Matches should be specifiable for the entire tournament or different parts of the tournament. (Or should they? Is there a situation where you would want different matches for different rounds, and you couldn't think of it as a multi-stage tournament?)

Multi-Stage Tournaments

We would want to be able to link tournaments together, in order to make a grander tournament. Multi-stage situations that need to be covered:

  • Points are carried over from one stage to another
    • Points used only for seeding
  • Eliminations occur between stages
    • Best loser exception
  • Tournaments held in parallel with promotion and relegation (as in the Rally Cup)
  • This could be handled by allowing tournaments to be defined in terms of other tournaments, including a recursive definition.
  • Wouldn't the recent double elimination tournament (AILO-4) be better defined as a single tournament? Even though the two matches could be considered different.
    • If you mean the AIDE-N, I'd say two tournaments. It's an AILO that gives you seeds for another tournament (I'm not sure if I'd call the second part a ladder or a single-elimination). I think anything you can specify as a multi-stage tournament you could describe as a single tournament, but specifying it as multi-stage simplifies things. -Ick

One Shot/Ongoing

The specification should be able to handle ongoing tournaments, or those that just happen once.

Scoring

Scores and one or more tie breakers should be specifiable for any variable in the statistics or score logs. This would cover things like the Flag Bot tournament.

Teams

Obviously teams need to be covered.

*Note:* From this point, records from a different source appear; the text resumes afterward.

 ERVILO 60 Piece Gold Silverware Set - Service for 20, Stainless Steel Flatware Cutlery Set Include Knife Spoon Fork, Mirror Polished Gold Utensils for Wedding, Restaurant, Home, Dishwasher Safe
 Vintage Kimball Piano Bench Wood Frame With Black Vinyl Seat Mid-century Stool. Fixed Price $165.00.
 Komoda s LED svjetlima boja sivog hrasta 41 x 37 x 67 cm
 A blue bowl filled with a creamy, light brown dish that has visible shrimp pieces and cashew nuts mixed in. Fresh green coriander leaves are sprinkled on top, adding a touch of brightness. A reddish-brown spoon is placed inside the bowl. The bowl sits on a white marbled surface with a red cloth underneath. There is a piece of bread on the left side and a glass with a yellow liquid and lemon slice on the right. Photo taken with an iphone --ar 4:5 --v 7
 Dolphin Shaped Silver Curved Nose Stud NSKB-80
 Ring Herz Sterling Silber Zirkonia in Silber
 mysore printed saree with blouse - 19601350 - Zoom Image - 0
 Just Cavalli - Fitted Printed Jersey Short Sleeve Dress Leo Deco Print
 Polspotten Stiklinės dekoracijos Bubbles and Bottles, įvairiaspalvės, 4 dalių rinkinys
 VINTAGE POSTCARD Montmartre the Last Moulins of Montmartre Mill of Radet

Team situations that need to be covered:

  • A tournament without teams
  • A tournament where scores/advancement is determined by teams
  • A tournament with teams, but where scores/advancement is deteremine by individual robots.
  • Teams should be able to be set up statically before the tournament, or dynamically (based on a tournament rule), during the tournament.

Exclusions

Things we are specifically not worried about covering, although they may be covered incidentally:

  • Anything that just requires one match to run.
  • Tournament engine will not perform robot code restriction checks for those tournaments that require certain coding practices to be enforced.

Modularization

The third step would be to break down the specification into pieces, and generally decide what each of those pieces would do. We're not at this step yet, so don't put anything here, but keep it in the back of your mind.